Multiple breadbasket failures: Nations must address looming food emergencies
The Ukrainian flag famously represents the country’s golden wheat fields under a clear blue sky. That pastoral symbolism is taking on a much darker tone with Russia’s invasion, given the importance of both countries to global food security. Even if food is not a direct target, Russia’s devastating attacks on Ukraine will probably affect the availability of food in both countries and around the world, which may well spark instability beyond the region.
As the first- and fifth-largest wheat exporters globally, worth more than a collective $11 billion, Russia and Ukraine are essential breadbaskets to the world. While wheat is hardly the only important commodity under pressure from Russia’s war, it has an outsized role in global food security as a staple crop. More than 2.5 billion people worldwide consume wheat, including significant populations in many fragile and food-insecure regions.
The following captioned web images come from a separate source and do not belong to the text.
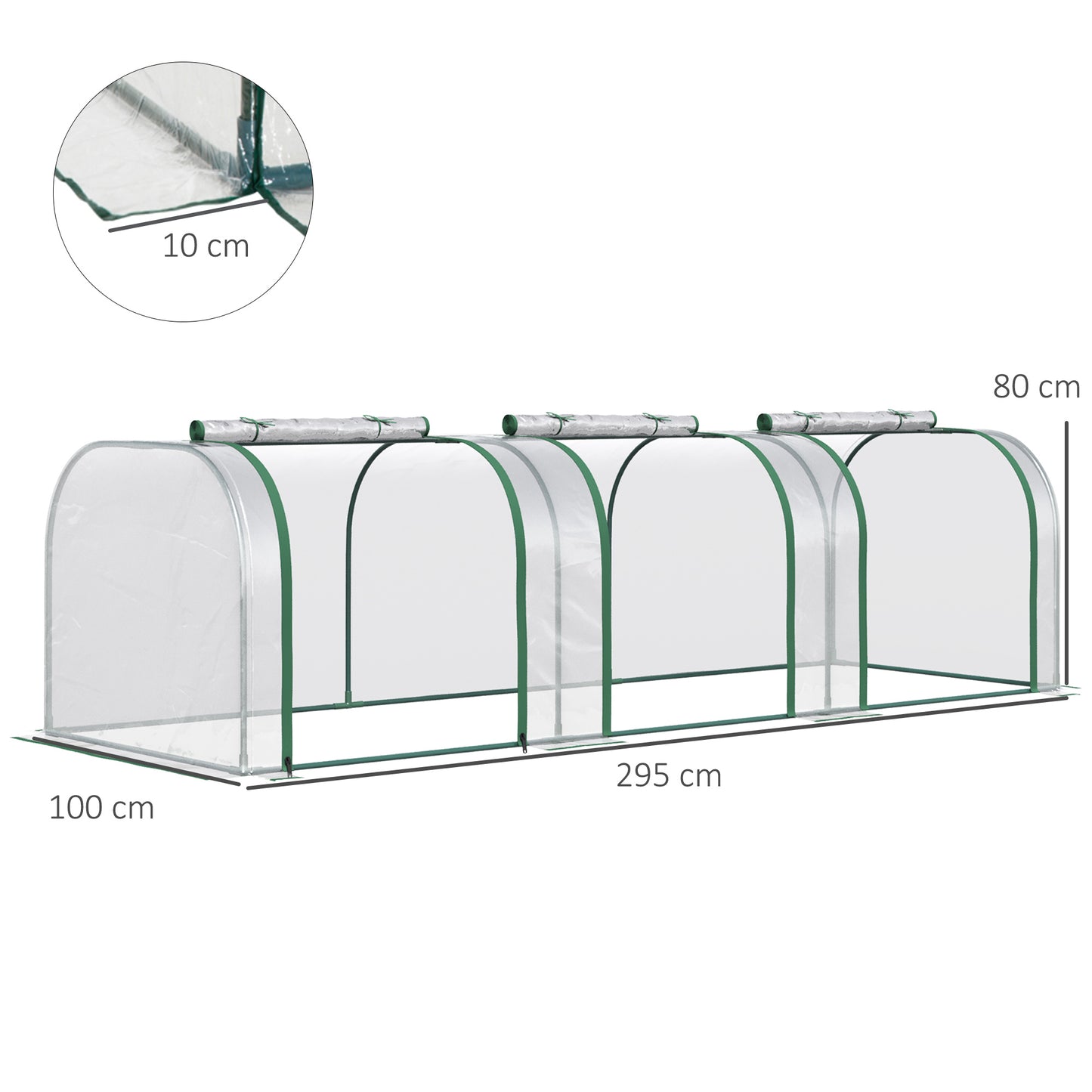 PVC Tunnel Greenhouse Green Grow House Steel Frame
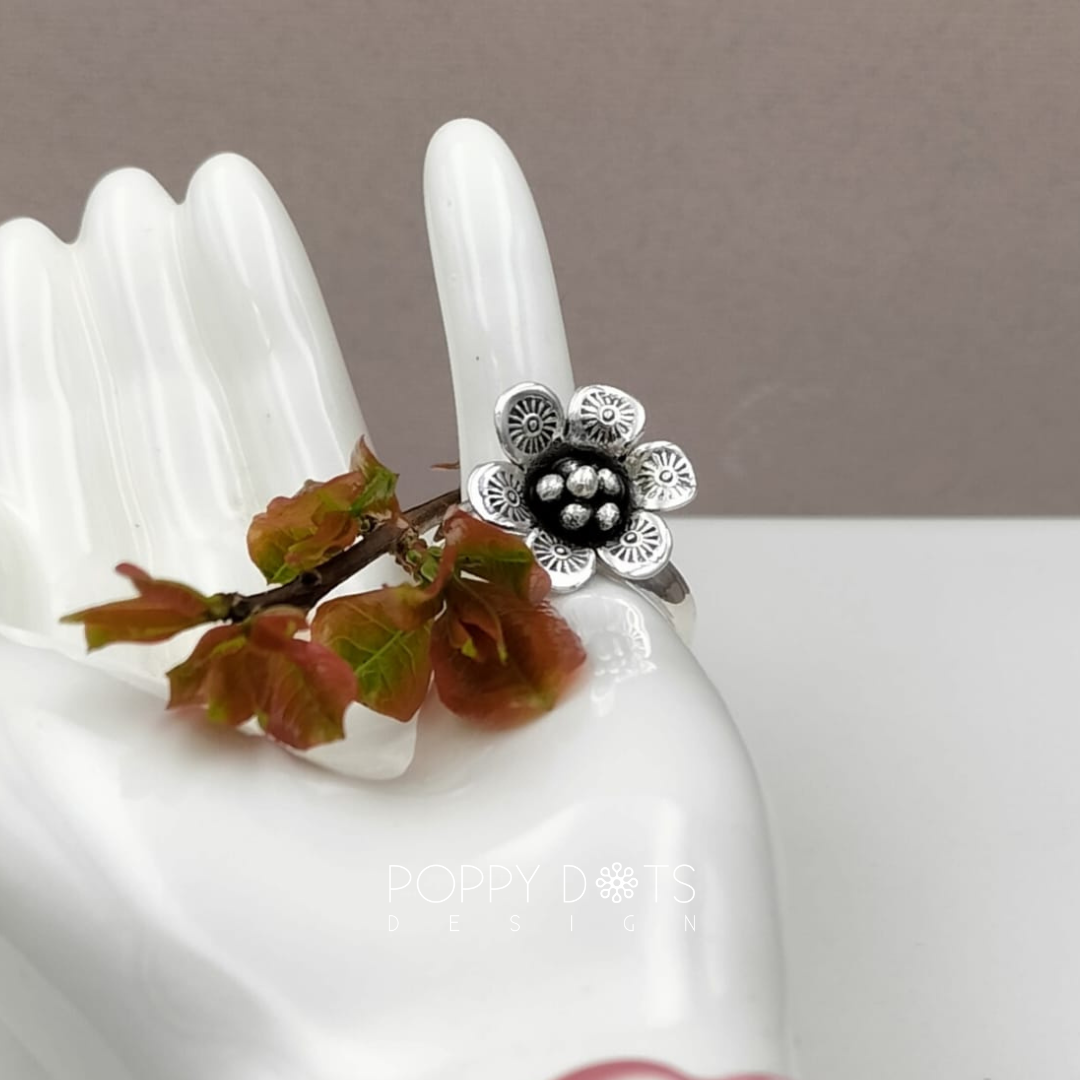 Sterling Silver Oxidised Desert Daisy Ring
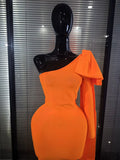 Orange Color Women Long Sleeve One Shoulder Big Bow Bodycon Midi Bandage Dress Elegant Evening Party Birthday Cocktail Wear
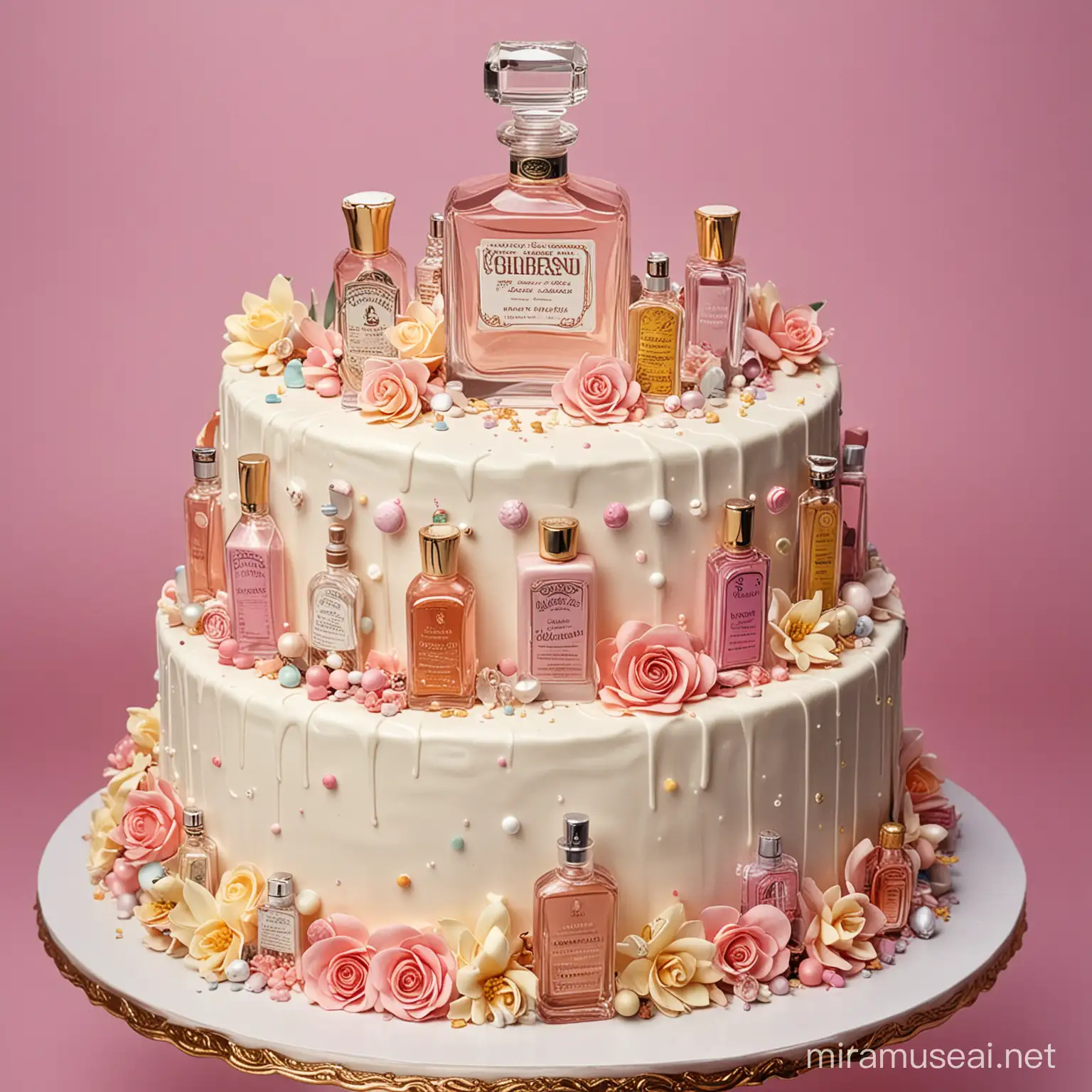 A cake decorated with multiple bottles of parfume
With global wheat prices at their highest level in a decade, tighter global supplies or sudden price spikes will raise the probability of humanitarian disasters, as well as a secondary risk of social unrest and even conflict. In 2007–08, for example, skyrocketing wheat and rice prices helped to spark the 2011 Arab Spring. Ukraine remains an especially important wheat supplier to low- and middle-income countries in North Africa and the Middle East, which are already grappling with governance problems and instability. That includes Yemen, caught in a vicious cycle of war and famine; Tunisia, still struggling with political fragility; and Egypt, which has a history of policies that magnify social unrest related to food prices. Even a short-term price jump could have catastrophic results for customers who are simply unable to pay higher wheat prices — in fact, those catastrophes may already be in motion.